We currently populate the identifiedByID field, but only with the ORCID of the person who added the first improving identification that is the same as the observation taxon (here’s an example). We could also populate the identifiedBy field, which would be subject to falsification since anyone can change their name to anything on iNat, but the same is true of the recordedBy, so maybe that’s not a very high risk.

Who to list as an “identifier” is a bit more tricky and it depends a lot on how the field will be used. The whole issue of listing identifiers in our DarwinCore Archives came to my attention because there was a desire for attribution, e.g. people should be able to demonstrate that they’ve made useful contributions to biodiversity datasets both in the form of primary records like observations and specimens and in the form of curatorial acts like identifications. I chose the person who made the first improving identification because that’s the only person that we know didn’t just “agree” with a prior identification. If we list all identifiers, it would be very easy to claim that you performed useful work when all you really did was copy the work of others by adding the third or fourth (or 50th) identification to observations that had already been identified.

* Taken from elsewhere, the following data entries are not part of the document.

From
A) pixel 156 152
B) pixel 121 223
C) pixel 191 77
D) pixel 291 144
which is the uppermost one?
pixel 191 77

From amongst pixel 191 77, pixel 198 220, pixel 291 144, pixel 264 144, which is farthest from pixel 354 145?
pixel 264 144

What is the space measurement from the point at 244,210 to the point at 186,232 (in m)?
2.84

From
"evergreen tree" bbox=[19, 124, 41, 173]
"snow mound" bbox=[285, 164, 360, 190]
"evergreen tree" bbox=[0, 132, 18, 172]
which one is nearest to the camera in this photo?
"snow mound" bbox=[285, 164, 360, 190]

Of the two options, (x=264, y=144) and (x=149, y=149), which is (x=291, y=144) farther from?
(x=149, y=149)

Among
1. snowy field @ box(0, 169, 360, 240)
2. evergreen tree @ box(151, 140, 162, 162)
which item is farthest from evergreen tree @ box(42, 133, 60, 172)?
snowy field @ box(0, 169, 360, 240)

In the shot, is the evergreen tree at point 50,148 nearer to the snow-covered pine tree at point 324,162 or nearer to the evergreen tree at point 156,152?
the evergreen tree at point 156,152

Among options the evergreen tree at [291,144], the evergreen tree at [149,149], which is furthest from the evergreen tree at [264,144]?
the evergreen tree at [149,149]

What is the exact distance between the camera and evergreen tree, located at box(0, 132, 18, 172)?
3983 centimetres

However, if the desire is to use the identifiedBy or identifiedByID fields in the way you describe, i.e. to filter occurrences by who identified them, then it doesn’t matter how many people we list as identifiers, as long as the person you’re searching for is on that list.

The two purposes are kind of at odds and I’m not sure how to support them both. We have no concept of a “renowned expert” on iNat, or indeed of any kind of expert, so we can’t just include “expert” identifiers. We could pick some arbitrary limit, e.g. the person who added the first improving identification and the subsequent 5 support identifiers, but that will almost certainly lead to problems if, say, your Passiflora expert was the 10th supporting identifier.

I’m curious to hear what others think about these conflicting uses of this field and what we can do to facilitate them both on iNat.

Background discussion at https://github.com/inaturalist/inaturalist/issues/1857 and https://github.com/inaturalist/inaturalist/issues/1857

5 Likes

Ok, I asked the powers that be about what the intent of that field was, and they confirmed it was primarily to provide attribution to the person who provided the original identification and not necessarily to track all the people who may have confirmed that identification, so while I will add the identifiedBy field, I won’t populate that and identifiedByID with all the people who added an identification.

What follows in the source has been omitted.